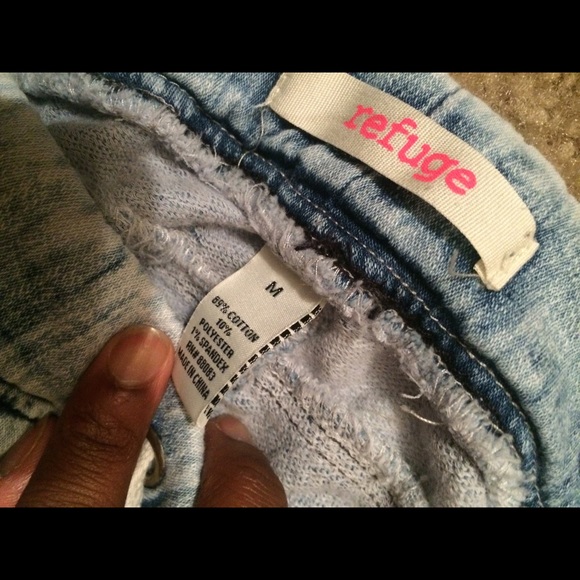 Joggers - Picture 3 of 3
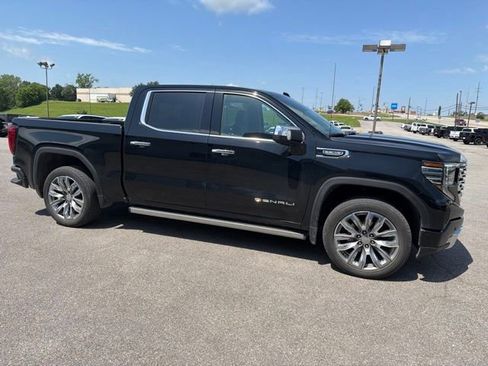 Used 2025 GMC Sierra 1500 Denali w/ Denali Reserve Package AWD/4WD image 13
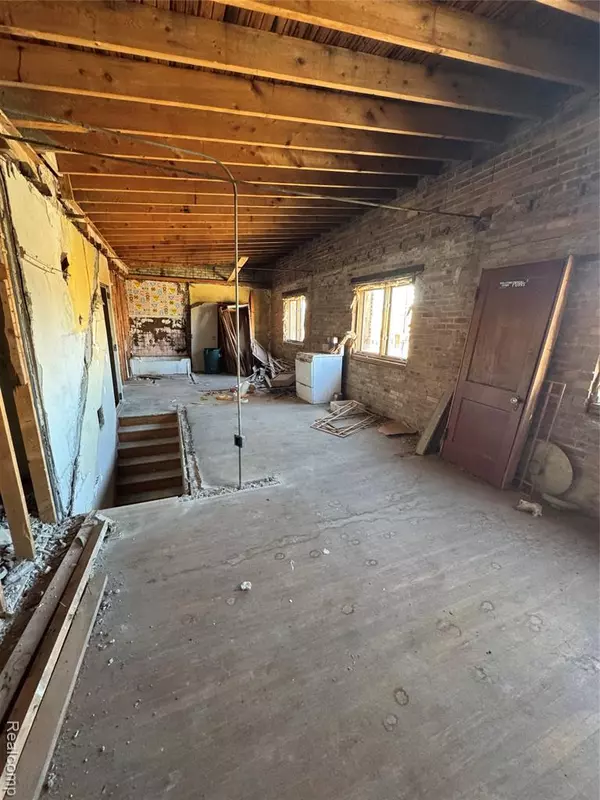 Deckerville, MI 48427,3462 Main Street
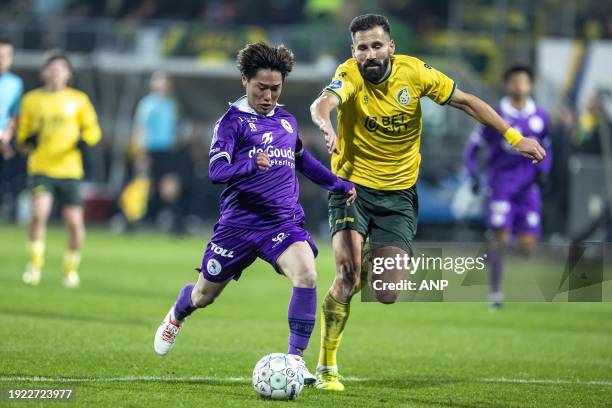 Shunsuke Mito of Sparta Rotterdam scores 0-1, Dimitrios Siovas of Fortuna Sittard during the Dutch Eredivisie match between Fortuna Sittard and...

## ACTIVITY
Repeat the data exactly in full, omitting its pictures.

## EXERCISE OUTPUT
 Joggers - Picture 3 of 3
 Used 2025 GMC Sierra 1500 Denali w/ Denali Reserve Package AWD/4WD image 13
 Deckerville, MI 48427,3462 Main Street
 Shunsuke Mito of Sparta Rotterdam scores 0-1, Dimitrios Siovas of Fortuna Sittard during the Dutch Eredivisie match between Fortuna Sittard and...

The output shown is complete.